In 1973, Henry Kissinger was awarded the prize for his work to end the Vietnam War, but was later accused of war crimes and conducting a secret war in Cambodia. When Yasser Arafat stepped forward to receive the award in 1994, his opponents called him an “unrepentant terrorist with a long legacy of promoting violence,” and the day before Wangari Maathai was due to collect the Nobel, a Kenyan newspaper claimed she said HIV/Aids was originally developed by the West to depopulate Africa.
When a former coffee-picking Mayan woman became the first Guatemalan to win the Nobel Peace Prize in 1992, a light was momentarily cast upon indigenous people throughout the world. However, shortly after, the decision once again became clouded in controversy.
Rigoberta Menchú Tum, 54, who was living in self-imposed exile at the time, was awarded the prize in recognition of her work to highlight the exploitation and persecution of her country’s indigenous Mayan people during Guatemala’s brutal 36-year civil war, in which more than 200,000 people lost their lives.

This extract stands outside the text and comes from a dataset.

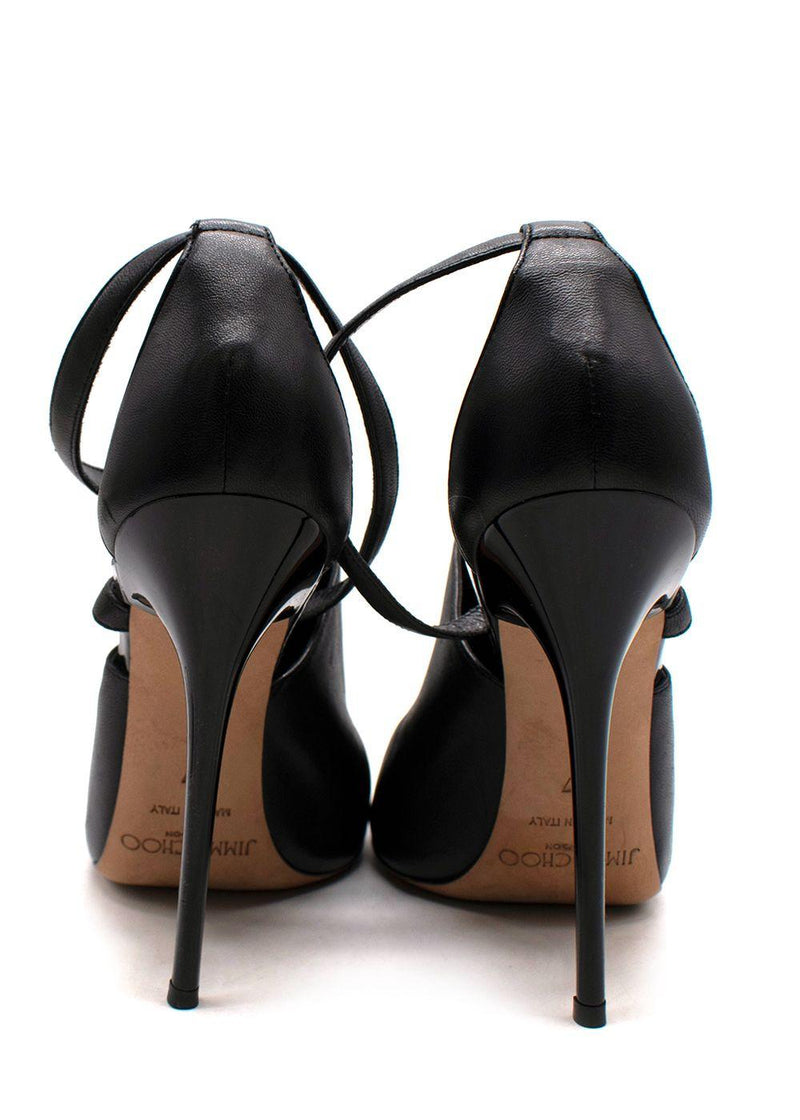 Jimmy Choo Black Leather Peep Toe Sandals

She had risen to fame a decade earlier for her ghostwritten autobiography, “I, Rigoberta Menchú,” but was criticized in 1999 when she was accused of fabricating and exaggerating parts of it.

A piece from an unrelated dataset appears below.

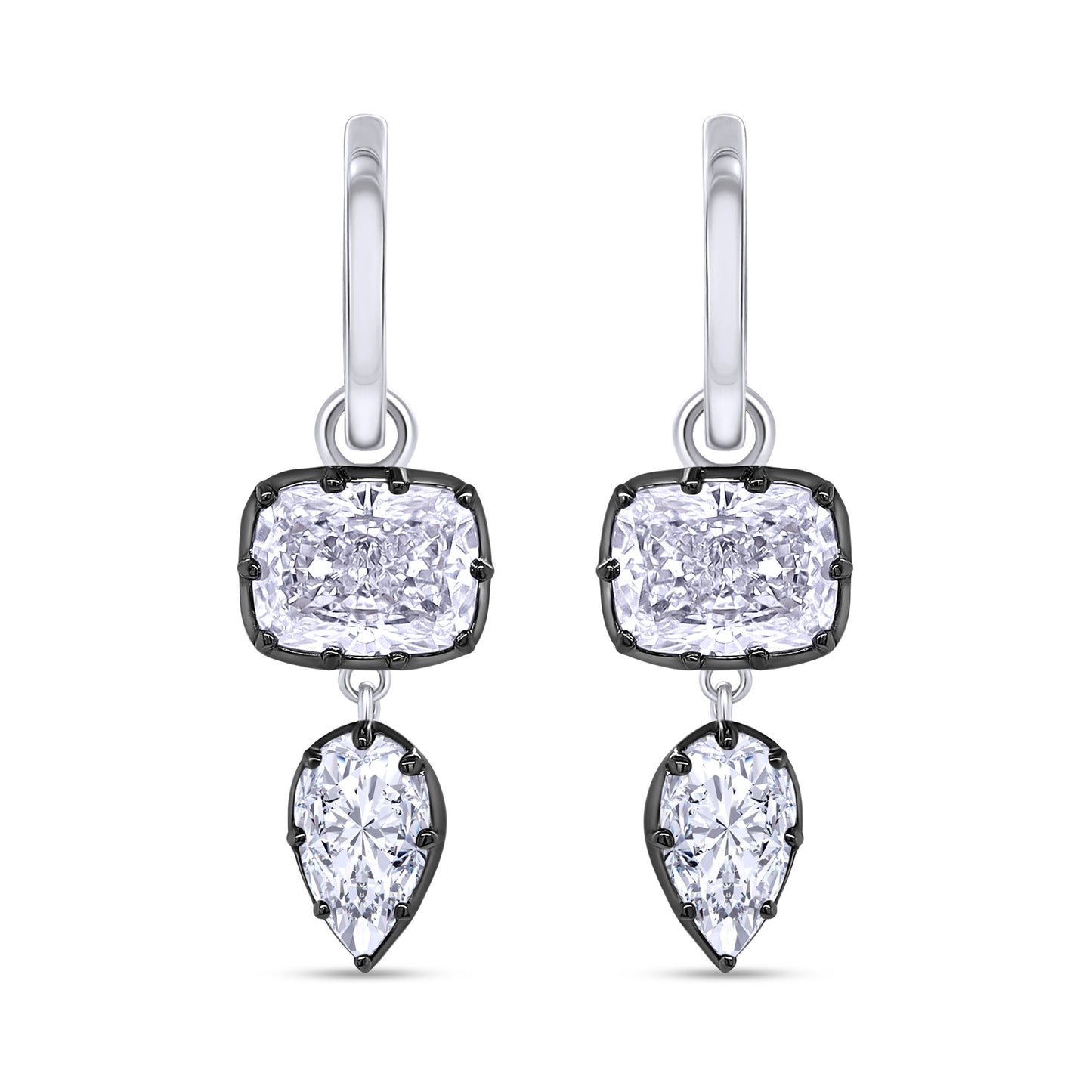 Huggie Earrings For Women, Cushion and Pear Shape Lab Grown Diamond Two Tone Huggie Earring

Ever a controversial figure, Menchú has remained in the limelight for the past 20 years. But, despite what Guatemala’s non-indigenous population think of her, has she managed to improve the rights of the people she was fighting for?
With two unsuccessful presidential campaigns under her belt, where she failed on both occasions to garner more than 3 percent of the national vote, it may seem like her work has fallen short of bettering the lives of Guatemala’s indigenous people. But her success may be larger than the polls suggest.

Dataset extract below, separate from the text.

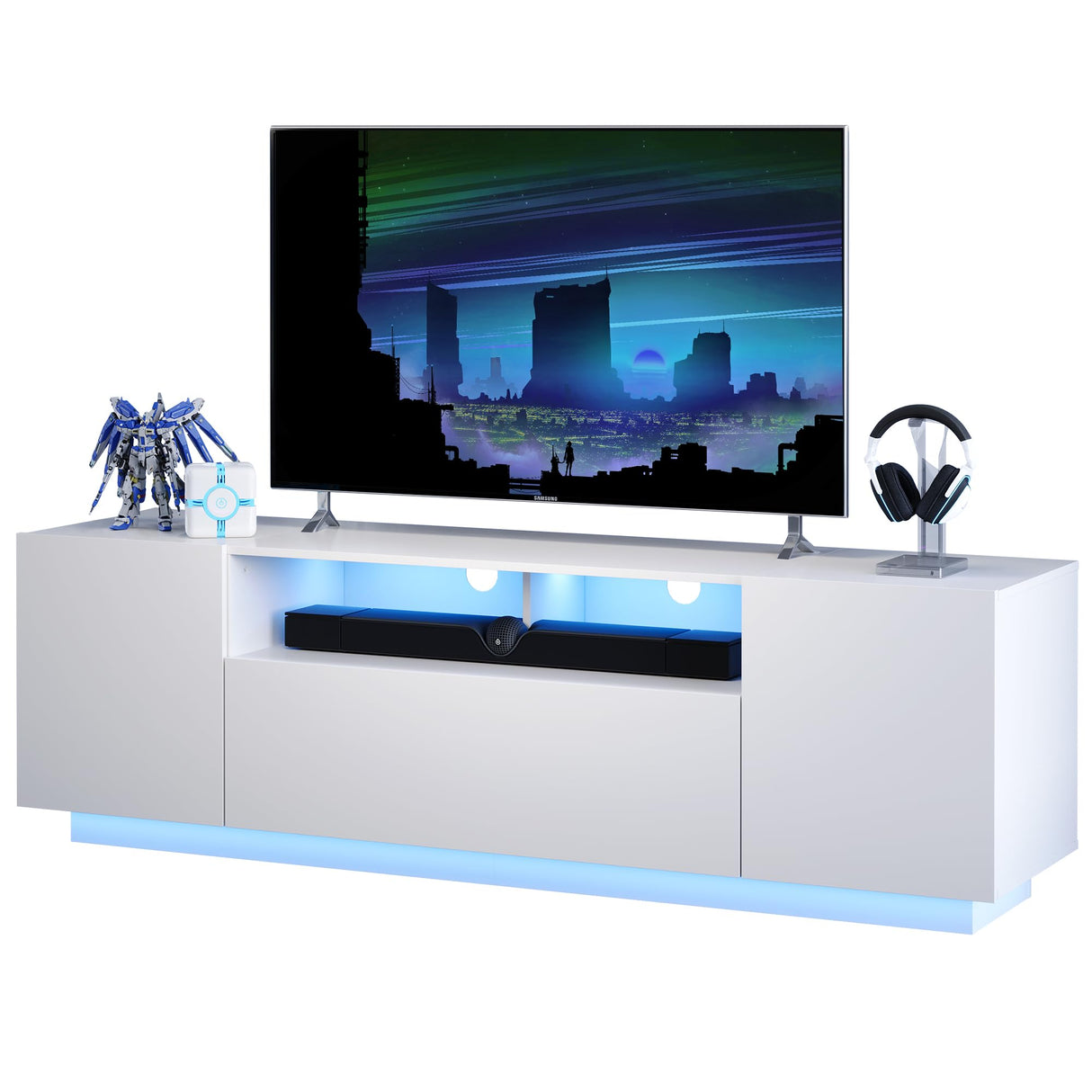 WLIVE TV Stand for 65 Inch TV, Modern Entertainment Center with LED, 58" TV Console with Storage Cabinet, TV Stands for Living Room, White WLIVE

“I’ve really enjoyed the last two elections,” Menchú told The Tico Times in a recent conversation. “I haven’t reached 30 percent of the vote, but I’ve reached 95 percent of the country.”
In 2007, the Mayan activist became the first indigenous person to run for Guatemala’s top political post, and four years later she founded the country’s first Mayan political party, WINAQ.
“We were never interested in winning the elections. You can’t win without money, and no multimillionaire would support us,” she said.
Recounting an anecdote from her last campaign, she described addressing a rural town when an opposition party’s bus drove by announcing it was handing out packets of rice. Her audience disappeared.
“Elections here are a carnival, they’re not democratic. Parties use poverty, giving the poor hope by handing them food.”
Despite the irony that the majority of the people she campaigns for do not vote for her, Menchú said her political career has been a success.
“I’ve opened a door to Mayans and to women. Not only do we now have a party, but we also have one person in Congress,” she said, referring to Mayan lawyer Amílcar Pop.
But it’s not all politics.
In the same year she won the Nobel Peace Prize, the indigenous activist founded the Rigoberta Menchú Tum Foundation, dedicated to the pursuit of peace and the promotion of indigenous people’s rights.
In the past two decades the organization has campaigned for justice for the victims of the war: exhuming mass graves, legislating new crimes, fighting for usurped ancestral lands to be returned to Mayan communities and legally documenting some 36,000 women. Menchú even travelled to Spain to bring genocide cases against Guatemala’s war criminals.
The foundation recently implemented a multicultural education program at one of the country’s universities aimed at training students from rural communities to become teachers.
While she continues with her original cause, the plight of the people she represented in Oslo 20 years ago – indigenous people – remain on the bottom rung of Guatemala’s socioeconomic ladder. They account for the majority of the country’s population, but are poorly educated and poorly provided for, and their plight is unlikely to change through Menchú’s work alone.